The task:
Would you retype exactly the lines below, starting with the one that has "A spacious living" and going on through the one that has "A hotel room", with no pictures and nothing else?

[Extracted information — start]

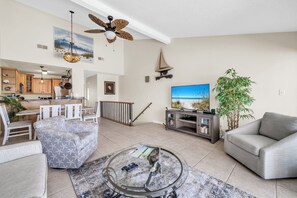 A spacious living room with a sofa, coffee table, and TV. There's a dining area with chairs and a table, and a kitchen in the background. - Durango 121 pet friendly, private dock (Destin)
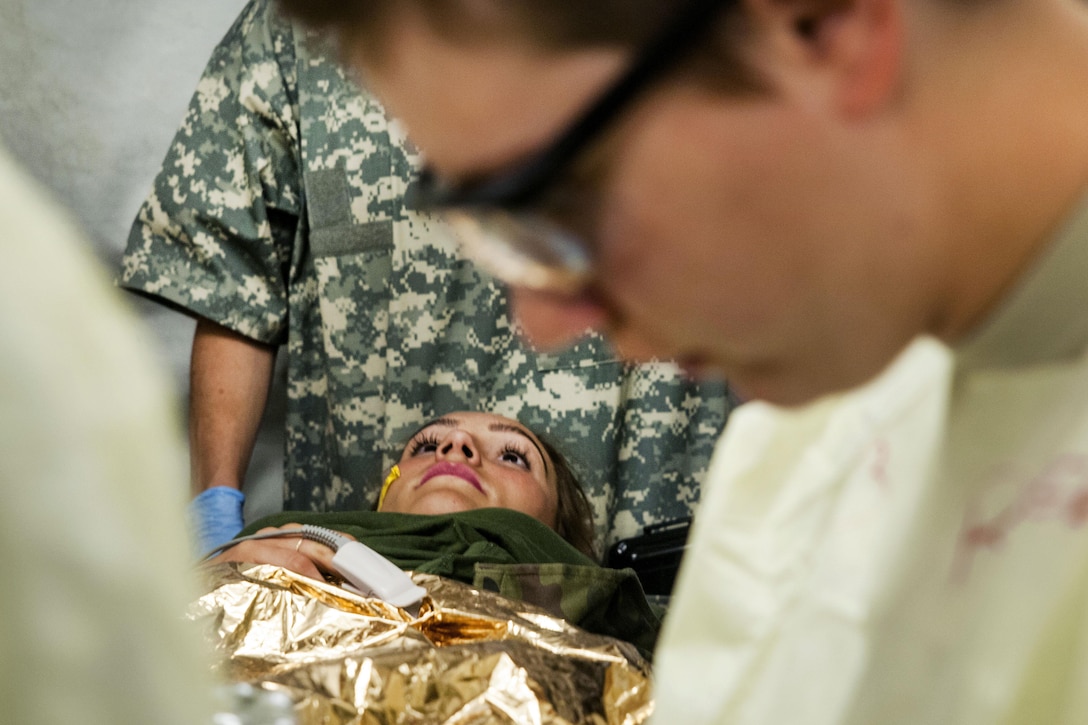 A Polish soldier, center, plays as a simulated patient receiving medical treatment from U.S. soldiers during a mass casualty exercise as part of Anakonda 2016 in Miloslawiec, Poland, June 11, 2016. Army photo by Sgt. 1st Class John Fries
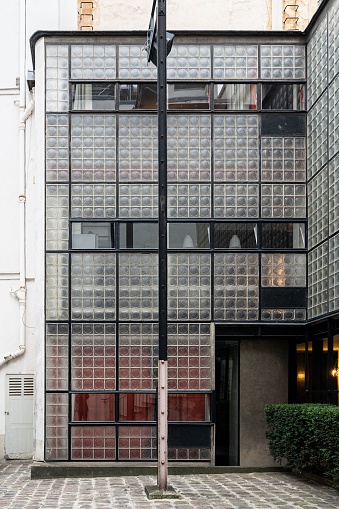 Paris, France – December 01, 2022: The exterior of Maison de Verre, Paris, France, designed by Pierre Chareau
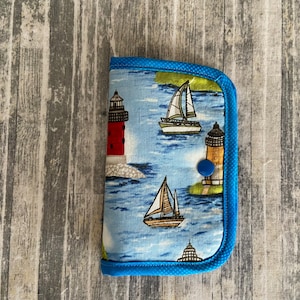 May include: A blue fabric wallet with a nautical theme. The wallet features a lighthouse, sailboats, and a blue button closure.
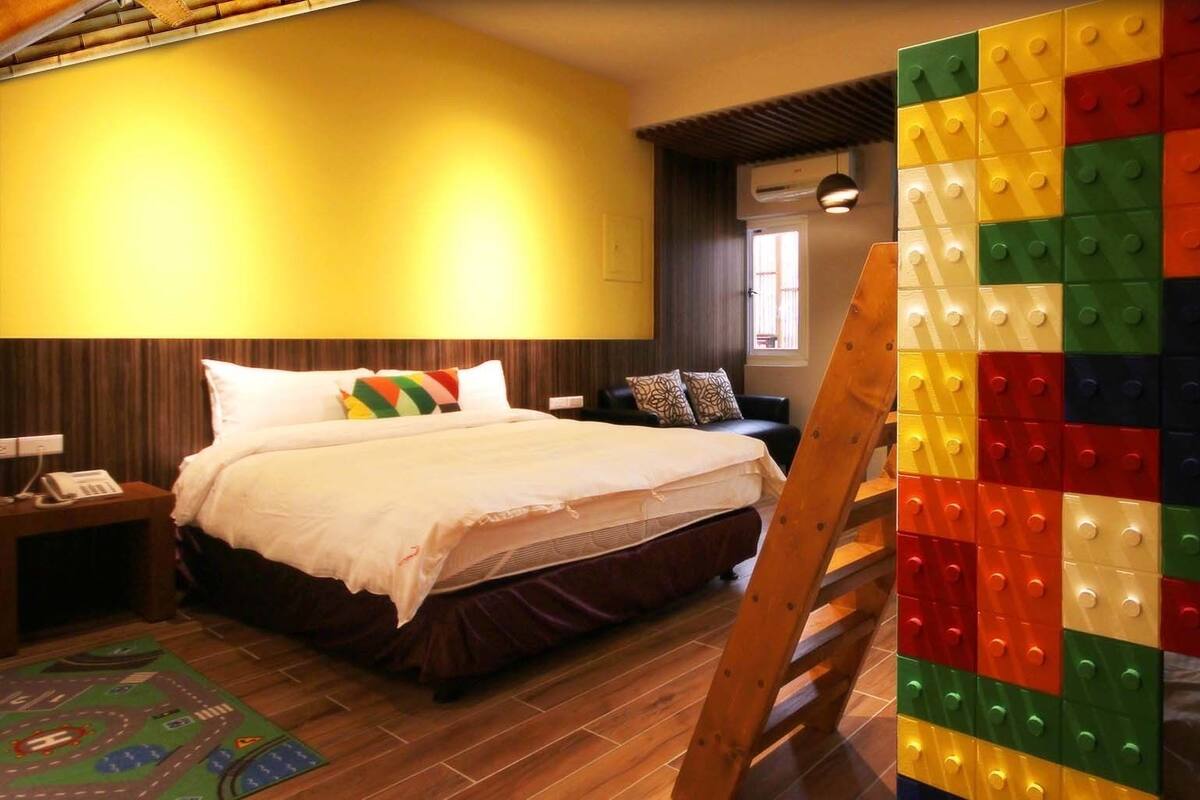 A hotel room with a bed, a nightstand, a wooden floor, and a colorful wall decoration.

[Extracted information — finish]
[Extracted information — start]

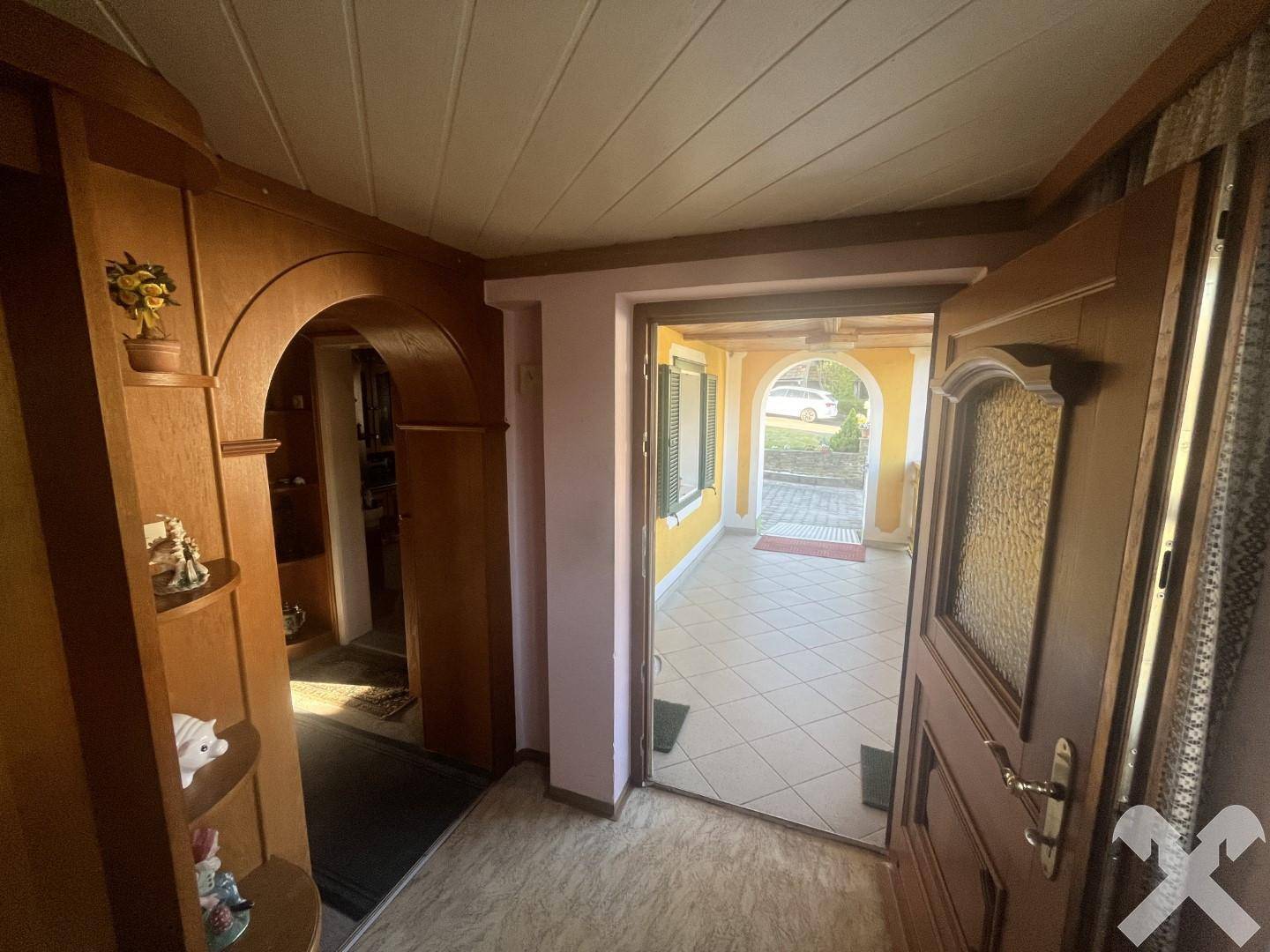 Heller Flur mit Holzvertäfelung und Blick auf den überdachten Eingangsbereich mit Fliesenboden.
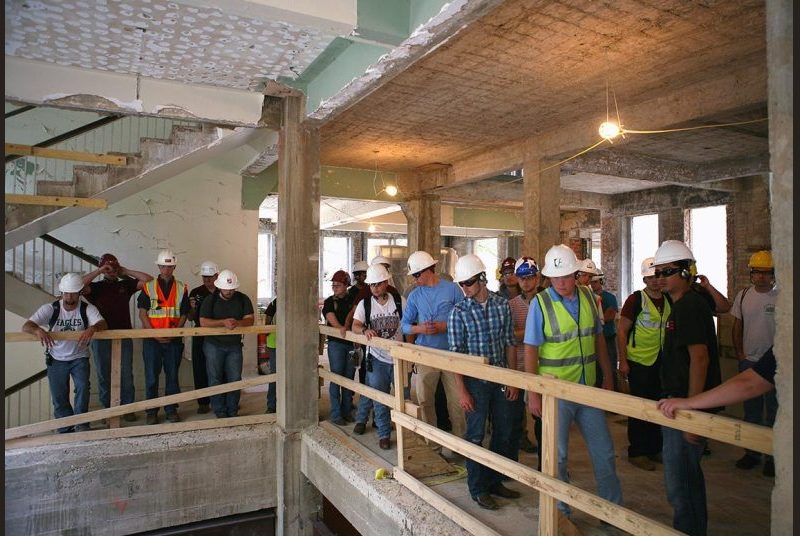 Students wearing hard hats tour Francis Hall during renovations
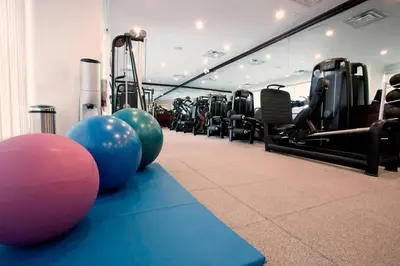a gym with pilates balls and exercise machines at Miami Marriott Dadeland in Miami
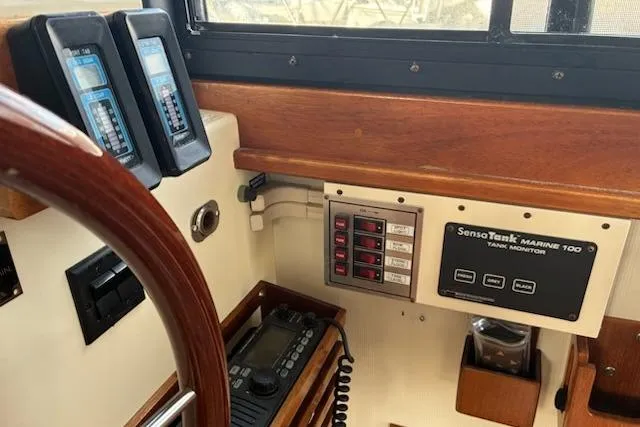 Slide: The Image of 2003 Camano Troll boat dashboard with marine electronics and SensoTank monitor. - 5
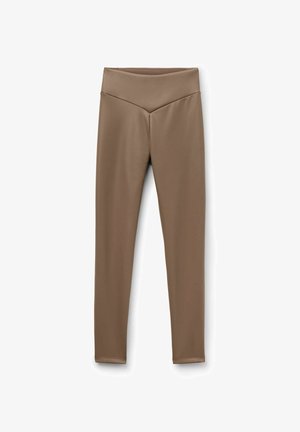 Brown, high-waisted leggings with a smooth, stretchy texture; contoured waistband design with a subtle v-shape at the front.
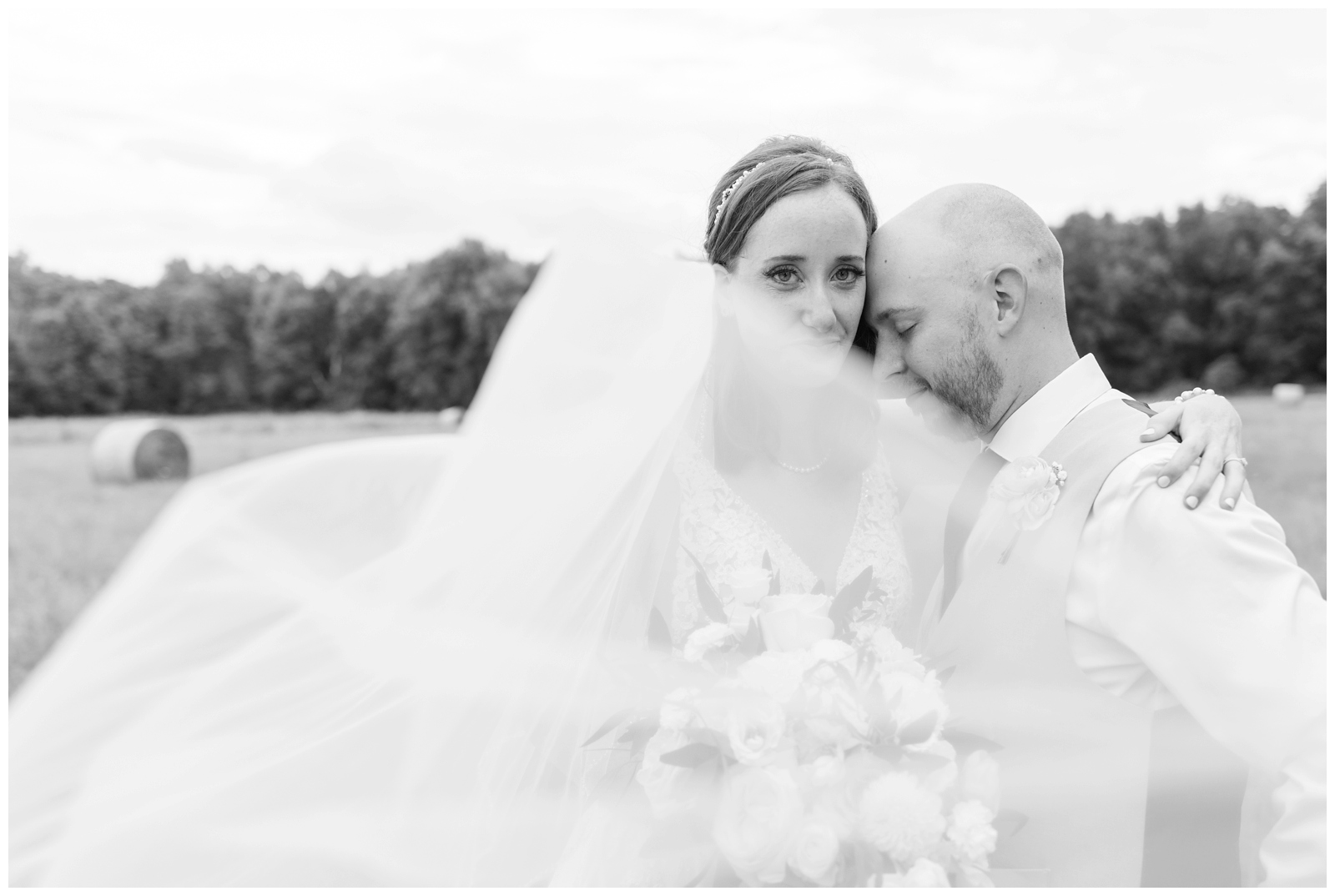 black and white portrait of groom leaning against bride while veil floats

[Extracted information — finish]
[Extracted information — start]

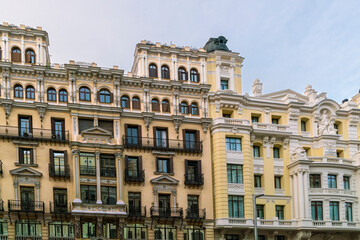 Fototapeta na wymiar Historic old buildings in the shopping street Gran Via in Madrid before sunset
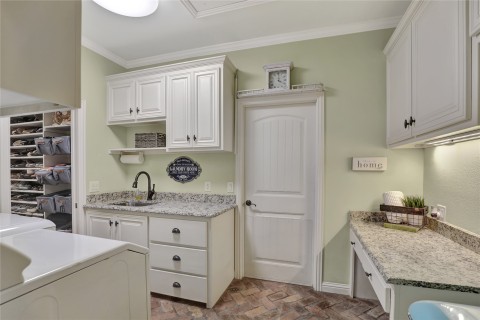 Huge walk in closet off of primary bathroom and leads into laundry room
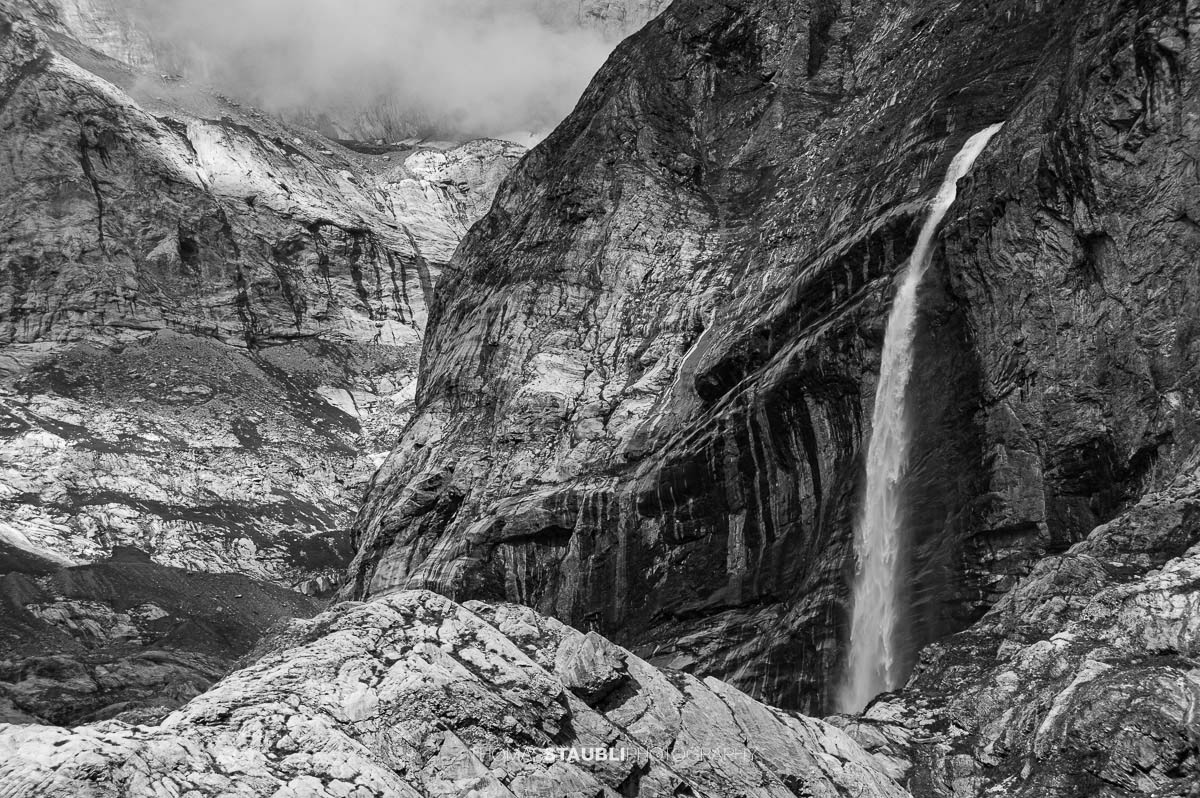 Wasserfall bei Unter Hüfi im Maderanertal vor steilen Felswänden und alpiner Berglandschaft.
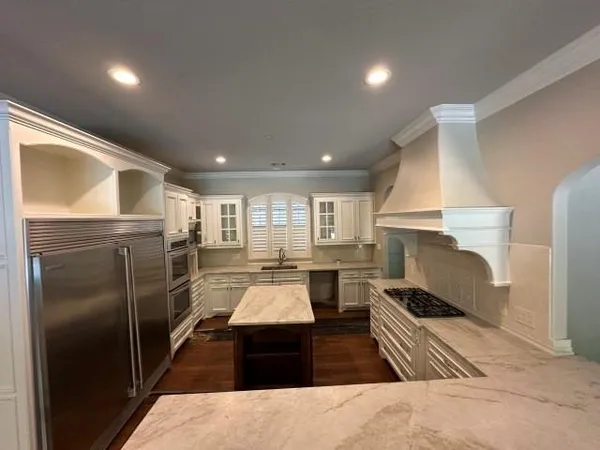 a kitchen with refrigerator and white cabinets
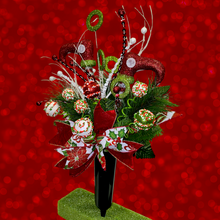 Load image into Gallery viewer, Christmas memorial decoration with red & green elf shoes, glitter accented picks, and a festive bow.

[Extracted information — finish]

Your solution:
 A spacious living room with a sofa, coffee table, and TV. There's a dining area with chairs and a table, and a kitchen in the background. - Durango 121 pet friendly, private dock (Destin)
 A Polish soldier, center, plays as a simulated patient receiving medical treatment from U.S. soldiers during a mass casualty exercise as part of Anakonda 2016 in Miloslawiec, Poland, June 11, 2016. Army photo by Sgt. 1st Class John Fries
 Paris, France – December 01, 2022: The exterior of Maison de Verre, Paris, France, designed by Pierre Chareau
 May include: A blue fabric wallet with a nautical theme. The wallet features a lighthouse, sailboats, and a blue button closure.
 A hotel room with a bed, a nightstand, a wooden floor, and a colorful wall decoration.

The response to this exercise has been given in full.